» TASK PROMPT:
What you should give back is a precise copy of the lines below from the one containing "This document was" through the one containing "How to Fix Canon", with no pictures.

[DATA SUPPLIED — start]

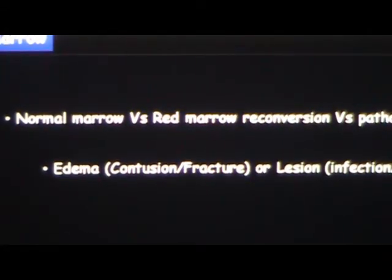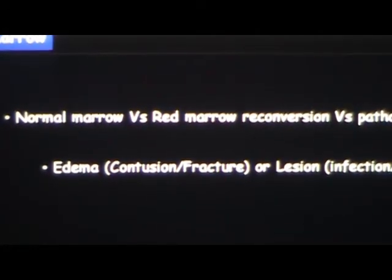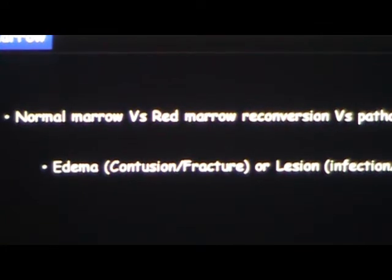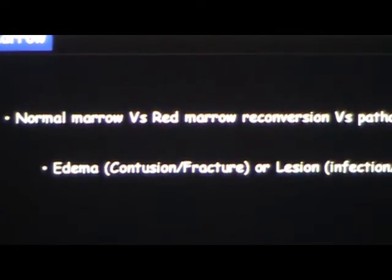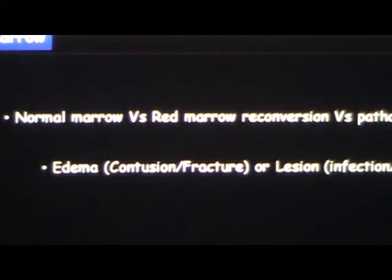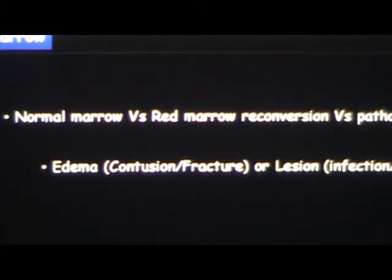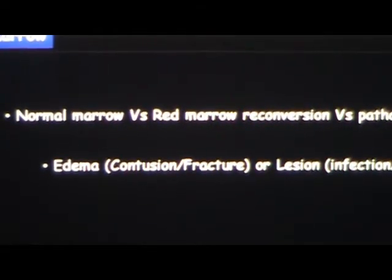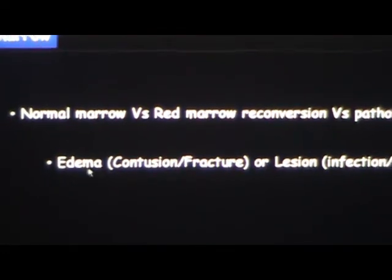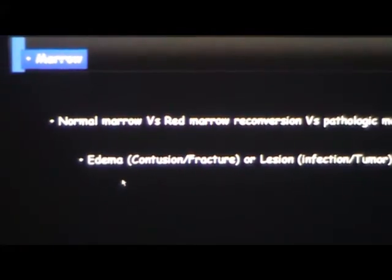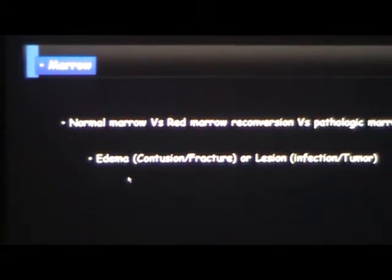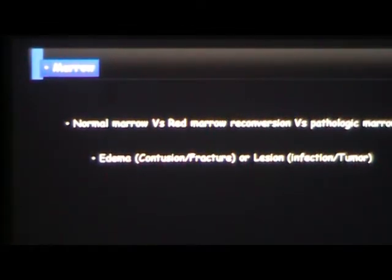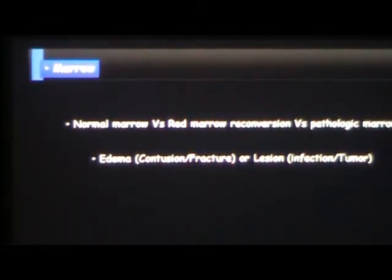When you look at marrow, first you have to decide: is it normal marrow? Is it abnormal marrow, or is it just a variation like red marrow reconversion? That's the first thing before you go into small structures — you may be missing a big fracture while looking for a small meniscal tear. When you see edema more on T2-weighted or fat-saturated images and less on non-fat-saturated images — disproportionate — think of more benign things.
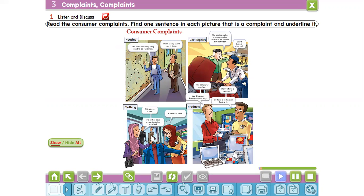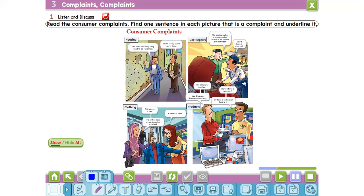Consumer complaints. Housing: 'The walls are filthy. They need to be repainted.' 'Don't worry, we'll get it done.' The first complaint is the walls are filthy. What's the meaning of filthy? Filthy means dirty. Filthy means dirty.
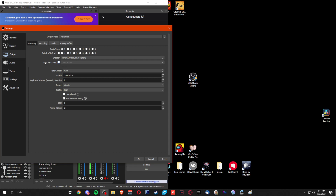Leave Rescale Output turned off. Set the rate control to CBR, and 2500 kilobits per second should be just fine. Everything else you can leave where it's at — hit Apply and OK.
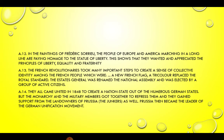Answer 14. They all came united in 1848 to create a nation state out of the numerous German states. But the monarchy and the military members got together to repress them, and they gained support from the landowners of Prussia — the Junkers — as well. Prussia then became the leader of the German unification movement.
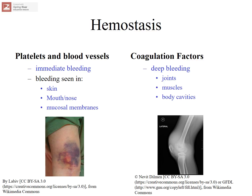Defects in primary hemostasis are demonstrated in mucous membrane bleeding, nosebleeds, bruises, or purpura — which are scientifically classified as bruises. What we see in primary hemostasis defects are immediate bleeding in the skin, nose, mouth, or mucous membranes. Secondary hemostasis involves the blood clotting or coagulation factors. What we see is deep bleeding into the joints, muscles, and body cavities — for example, hemarthrosis, or bleeding into the joints.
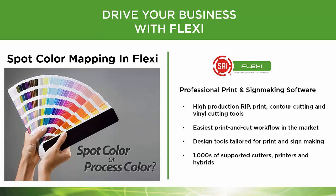Spot color mapping in Flexi. A great way to tweak those colors and get them exactly the way you want them. Let me show you how.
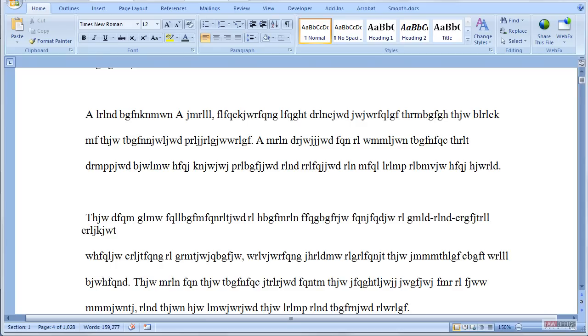This document was converted from a .lit file format to Microsoft Word, and it came across with a bunch of spacing that we don't want. We're going to use Advanced Find and Replace to get rid of that spacing so that it behaves normally.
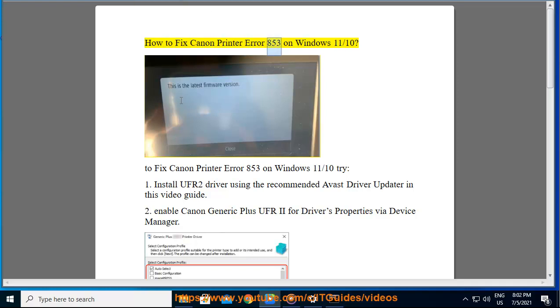How to Fix Canon Printer Error 853 on Windows 11. To fix Canon Printer Error 853 on Windows 11, try the following steps.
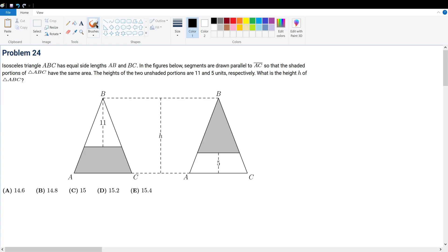Problem 24: Isosceles triangle ABC has equal side lengths AB and BC. Segments are drawn parallel to AC so that the shaded portions of ABC have the same area. The heights of the two unshaded portions are 11 and 5 respectively. What is the height h of triangle ABC? We know the heights are given and we need to find what else we know.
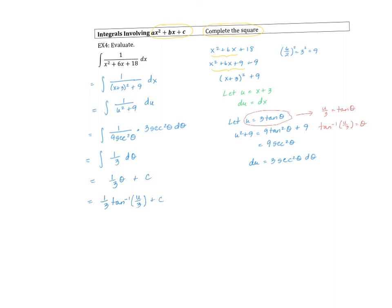Remember we started with x, not U. So the final step here would be to replace U with x plus 3. So one third times tangent inverse of x plus 3 over 3, plus our constant C. And that is done. That's it for 8.4.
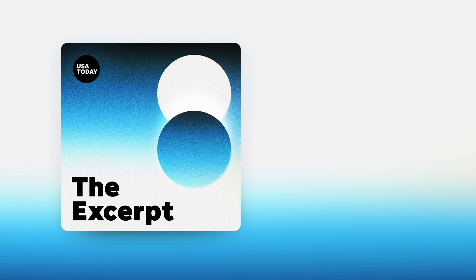Good morning, I'm Taylor Wilson, and today is Tuesday, May 7th, 2024. This is the excerpt.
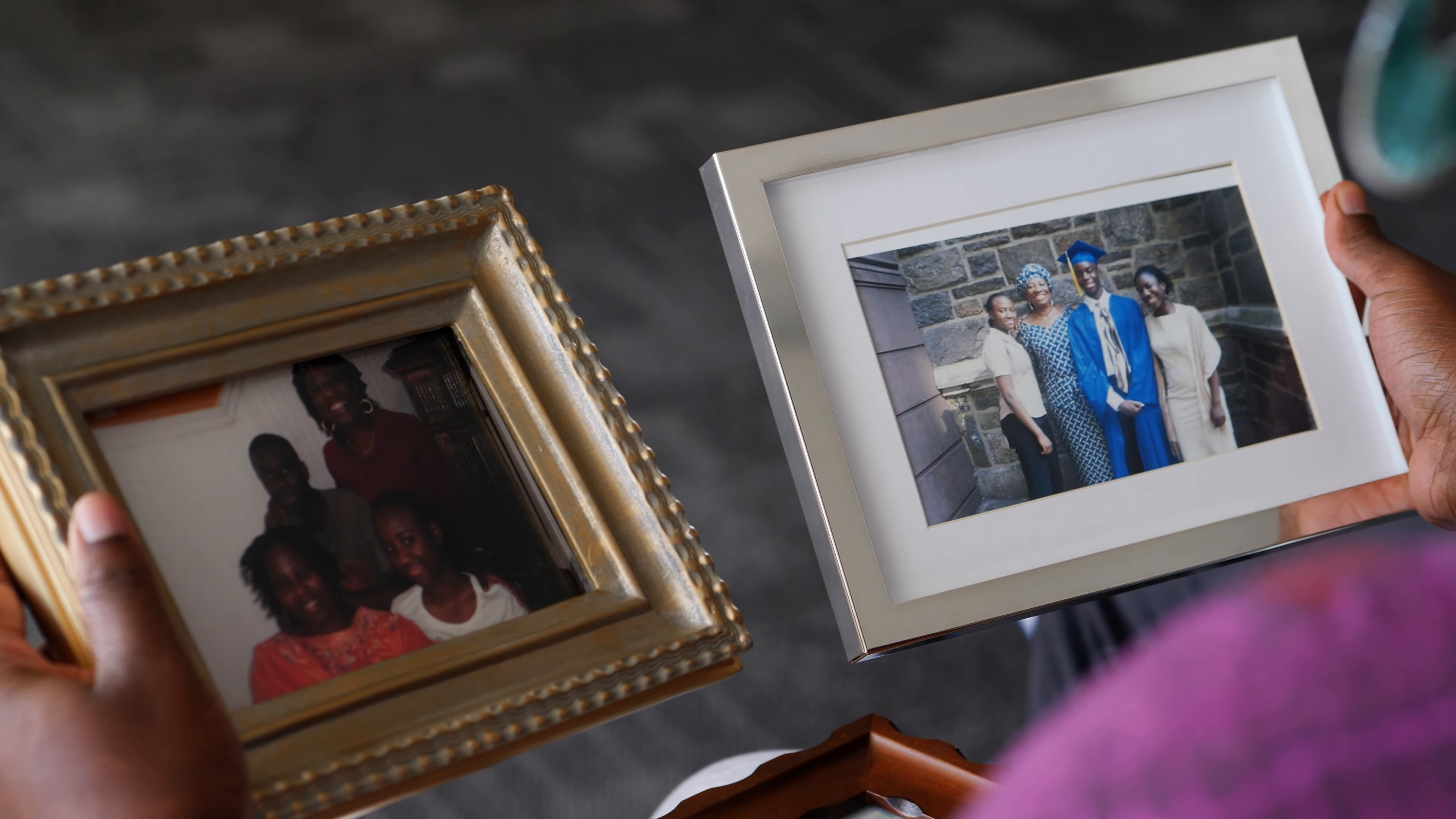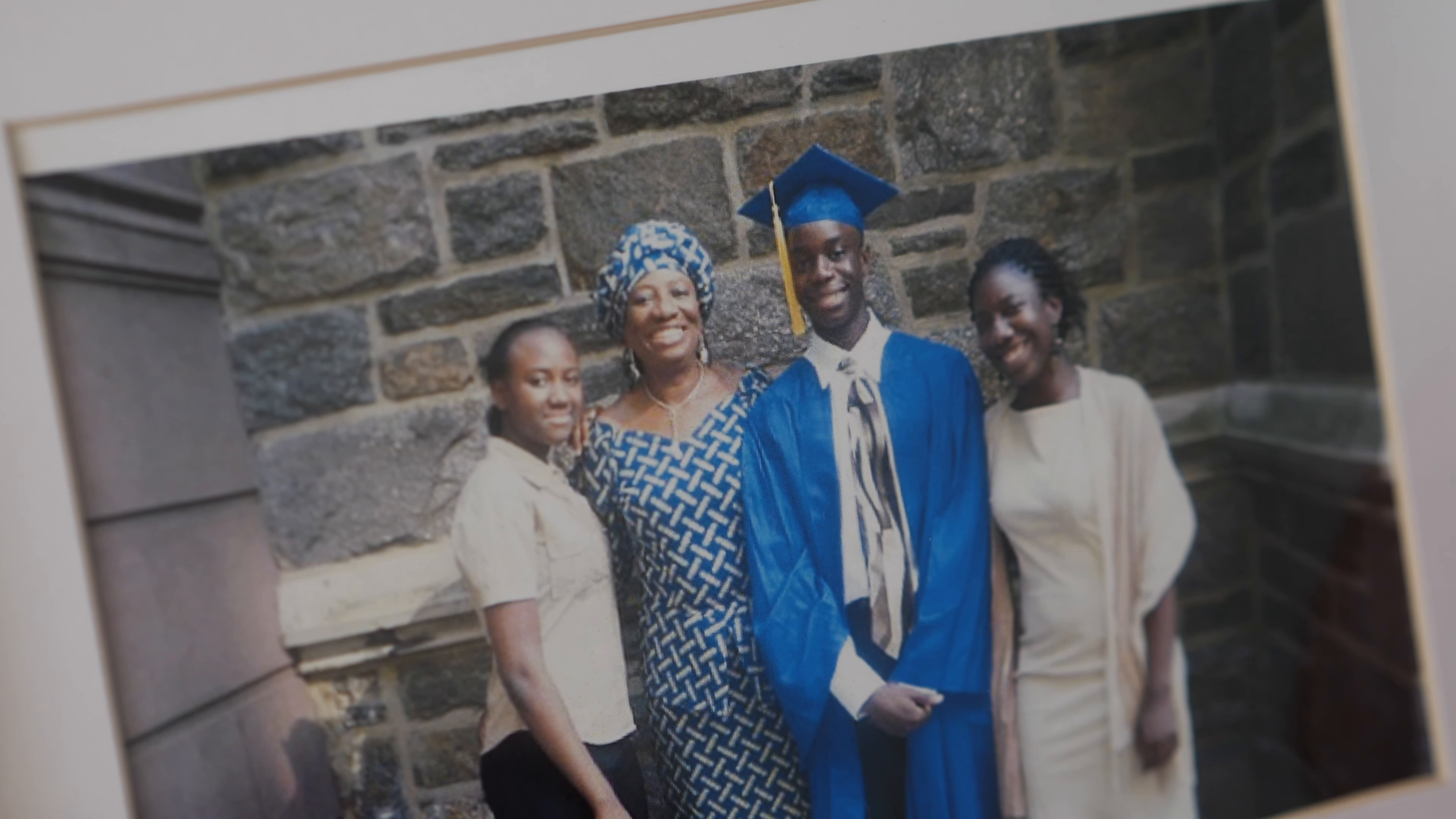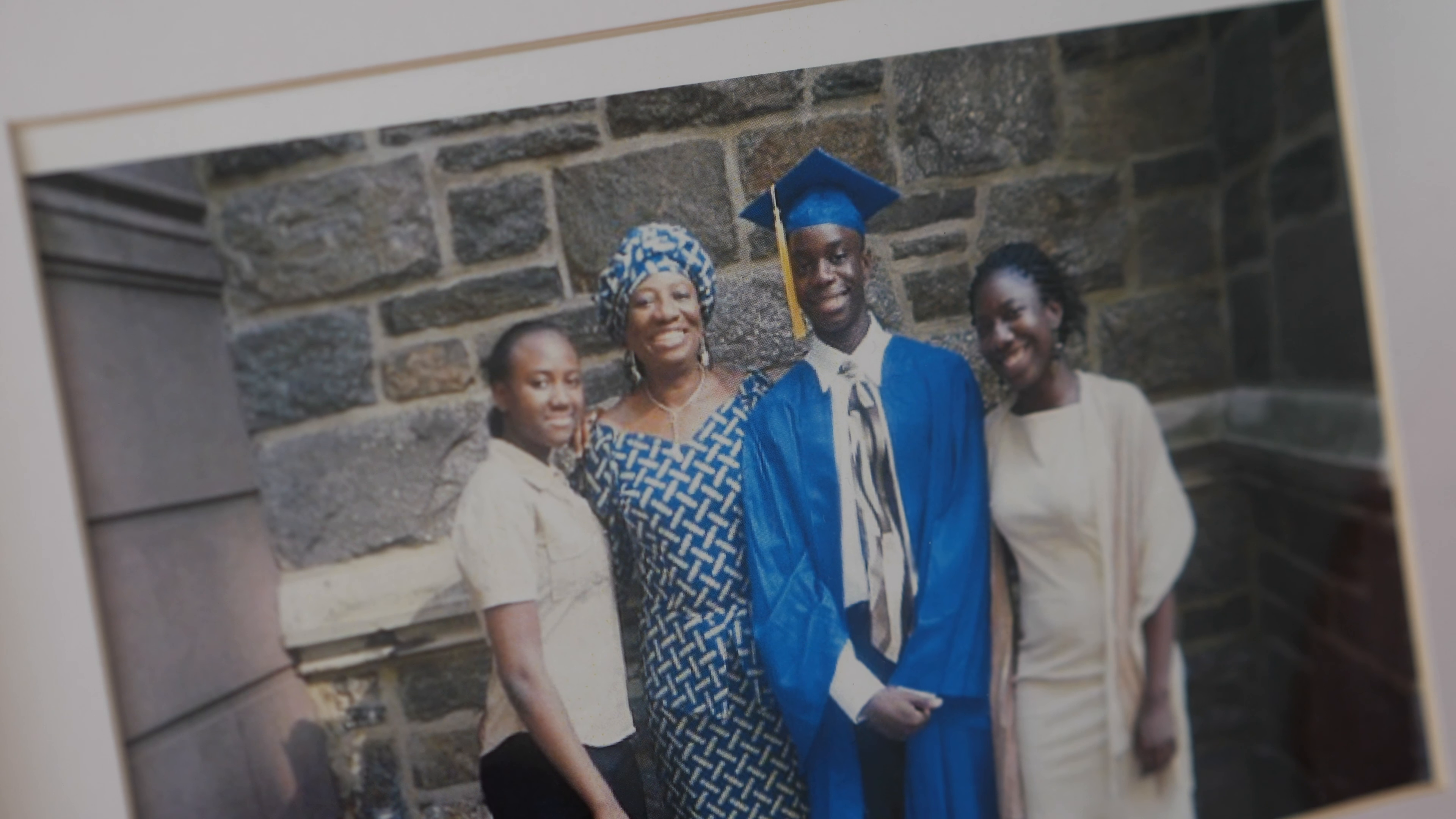Mental illness isn't really something we talk about in the African community. My name is Drew. I'm 26. I'm a New Yorker. I'm a first-generation West African.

[DATA SUPPLIED — finish]

» OUTPUT FOR THIS TASK:
This document was converted from a .lit file format to Microsoft Word, and it came across with a bunch of spacing that we don't want. We're going to use Advanced Find and Replace to get rid of that spacing so that it behaves normally.
How to Fix Canon Printer Error 853 on Windows 11. To fix Canon Printer Error 853 on Windows 11, try the following steps.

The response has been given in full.